In the immediate aftermath of the war, the Kay and Reports clearly demonstrated that Saddam’s Iraq was trying to maintain WMD capability and extend its ability to deliver them, though no stockpiles of WMD were found. The categorical “no WMD” assertion was not technically correct because about 30 chemical weapons were found. This number was small enough that it could be believed that the Saddam regime may have lost these to sloppy accounting. The headlines could still “No WMD Stockpiles Found.” Rhetorically speaking, it was possible for some to assert that Bush lied to us about WMD with the same certainty that they assured us before the war that such weapons existed.

It has always been intuitively unsatisfying to believe that Saddam had really come clean with regard to WMD, yet still would not allow international inspectors to unequivocally certify it. After all, interfering with international inspectors cost the regime billons in oil revenues that it might have otherwise enjoyed. Some suggest that interfering with inspectors was a big bluff by Saddam in order for him to save face in the Arab world.
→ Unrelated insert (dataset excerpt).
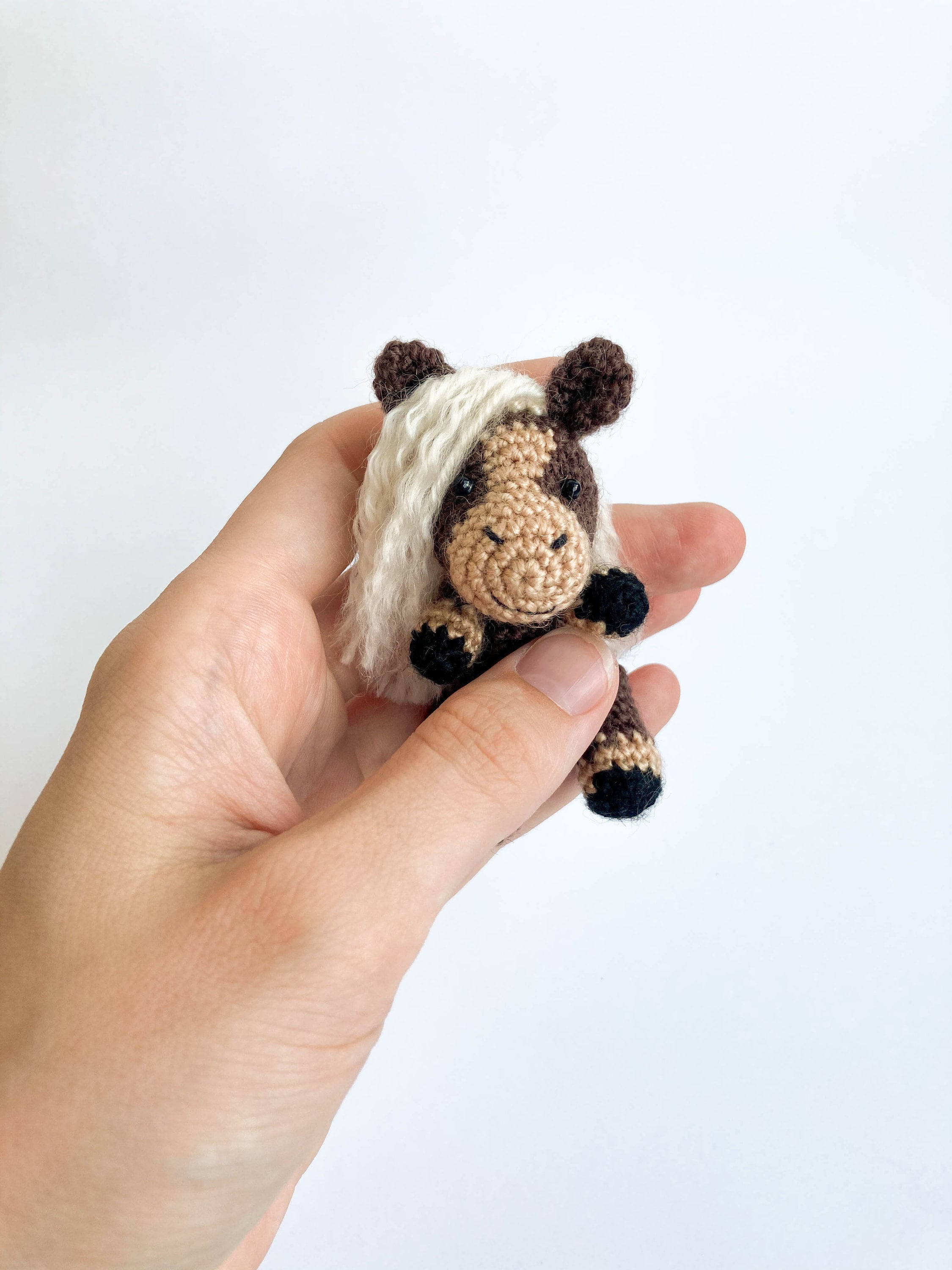 cavalo amigurumi marrom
In retrospect, if Saddam’s regime had turned over its WMD in the first months after the first Gulf War, sanctions would have ended in a year and the regime could have re-started its WMD program in a few years financed by increasing oil revenues. The bluff would have been irrational. Though, it must be conceded that Saddam has often miscalculated.
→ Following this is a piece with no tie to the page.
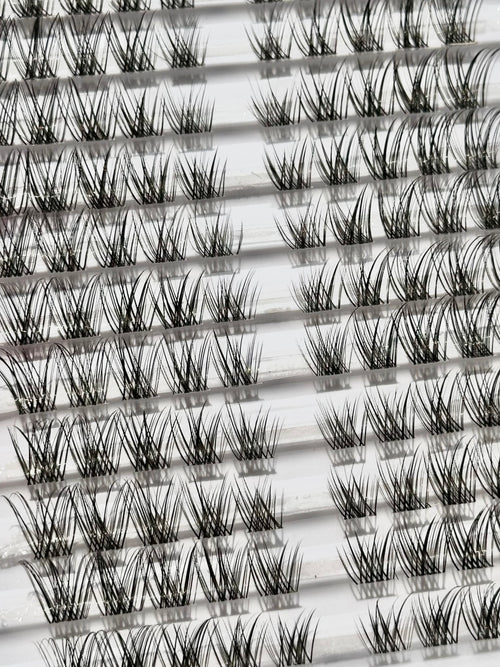 XOXO, F. FEMME FATALE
One explanation is that some of the WMD had been transferred to Syria prior to the second Gulf War. There is precedent to this behavior in that prior to the first Gulf War, Saddam’s sent some of his Air Force to his implacable enemy Iran rather than see them destroyed by Coalition Forces. Iran declined to return the planes. It is not commonly known, that the Duelfer Report specifically did not rule out such a weapons transfer. In a recent a book Saddam’s Secret, a former Iraqi Air Force General Georges Sada asserts that weapons were moved to Syria, though his sources are second-hand.
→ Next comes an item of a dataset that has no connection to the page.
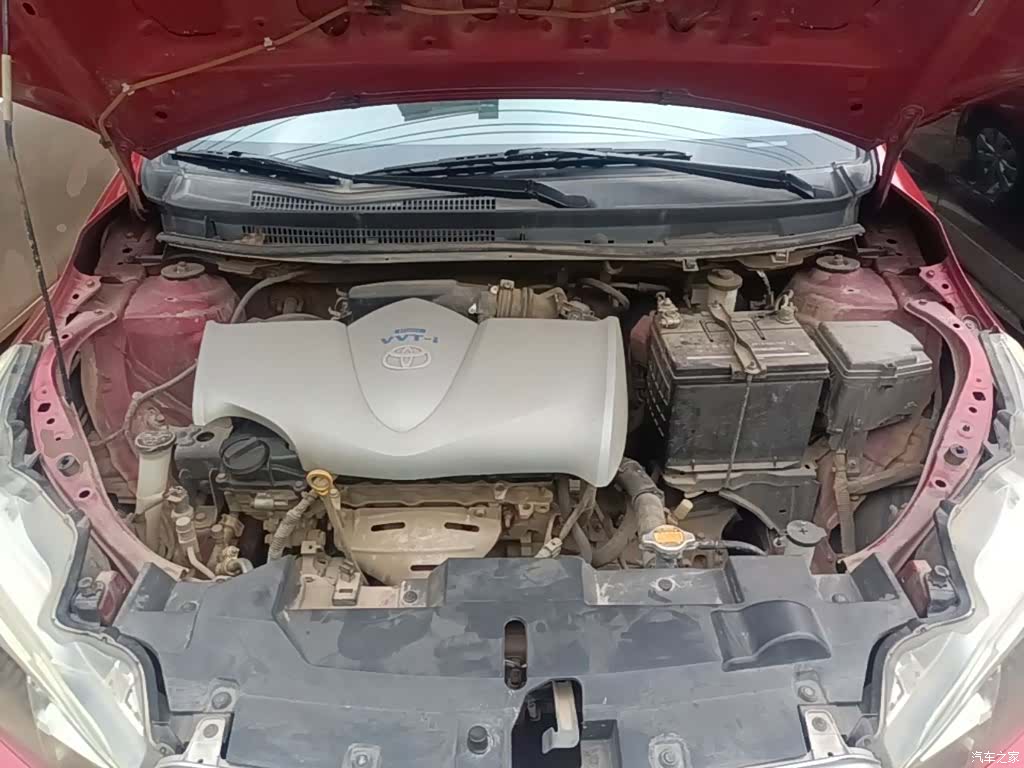 Toyota YARiS L, 2015 16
Now we find that in the years since the completion of the Duelfer Report, additional weapons have been found. The weapons are in widely varying states of operational readiness, but now the number totals 500, certainly enough to be considered a stockpile. This certainly less than might have been expected based on pre-war intelligence, but still remains a critical conclusion. Unfortunately this new information contradicts the story line of the past couple of years and consequently has difficulty fighting its way into a mainstream media that already has its mind made up.

It seems that such news released by Republican Senator Rick Santorum (R-PA) from previously classified documents would be front page news whatever assessment one makes of the credibility of this new information. If the released report is true, it must compel a re-assessment of the conventional wisdom about WMD stockpiles. If the evidence is weak, then it speaks negatively of yet another attempt by some who supported the initial invasion to desperately justify their decision. This latter point is key. If the newly released report is false or misleading, then that would provide powerful evidence of deception and play into the Left-wing assertion that “Bush lied.” The day after the release there was scant evidence of it in the mainstream media. It was not a top AP story. Does the scant coverage actually provide evidence of the report’s compelling credibility?

The Washington Post on June 23, 2006 relegated the story to page A10, under the rather self-serving headline, “Democrats Criticize Claim on Iraqi Arms.” While several days later, the front page of the Sunday Washington Post ran a story, probably leaked from the CIA on how prior to the war the CIA warned against the credibility of a “fabricator” who was providing evidence of pre-war WMD in Iraq. The former story officially released by a Senator contracting the story line of “no WMD” is buried or ignored, and a story from an unnamed source supporting the “no WMD” narrative is featured on the front page.

It is clear that the “no WMD” is the mainstream media’s story and they are sticking to it.